Emma Wilcox plays Wendy, the wife of the lead character, and before the movie her credits included a small part in a remake of "Jane Eyre", a three-story arc in perennial favourite "Doctor Who" and a blink-and-you-miss-it part in "Love Actually." She had, however, spent a fair bit of time strutting the boards on the West End in an original play by Monty Python's Michael Pallin as well as "Romeo and Juliet."

Severus Snape plays William. The story of how Snape came to get the part is already legendary with him walking through the auditions for the wizard and offering constructive criticism on the name of the dark wizard in the script as well as costumes and spells. To say I was skeptical about Snape's inclusion in the movie would be like saying that a goblin doesn't have a good fiscal plan and money in the bank or that fairy's aren't distracted by shiny things.
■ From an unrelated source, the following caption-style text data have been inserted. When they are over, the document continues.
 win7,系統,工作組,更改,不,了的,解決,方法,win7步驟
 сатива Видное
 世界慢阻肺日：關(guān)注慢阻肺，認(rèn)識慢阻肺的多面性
Movies about the magical world of witches and wizards are a Sickle a dozen so this witch went to see "WTW" expecting to see a movie crammed full of typical Muggle misconceptions about the wizarding world; very few Hollywood movies or television series' (think "Teen Witch", "Escape to Witch Mountain", "The Wizard of Mars", "Sabrina the Teenage Witch", "Charmed" and "Warlocks R Us" amongst them) hit the nail on the head. So when I didn't see people being turned into frogs, or having liberal sprinklings of "love potion" poured over their morning cereal or even being able to read other's minds in the first few minutes I suddenly realised that this movie just might be the exception to the rule. In fact the movie managed to make this hardened movie skeptic actually care about the main characters and by the end of the movie I was completely rooting for the good guys. In a "Knut-shell" the movie manages to both poke fun at the Muggle world- the best example being the inept British Prime Minister- as well as the wizarding world, all in all, making for a thoroughly entertaining movie that every witch and wizard should see.

Snape glanced at the key to the side of the page and saw that the movie had been rated "4 out of 5 Martinis- and make mine a dirty martini if Severus Snape is involved please!" He didn't realise he was holding his breath until he let it out in a whoosh.

"They loved me!" Snape said out loud, the strange words sounding, and tasting, unusual in his mouth.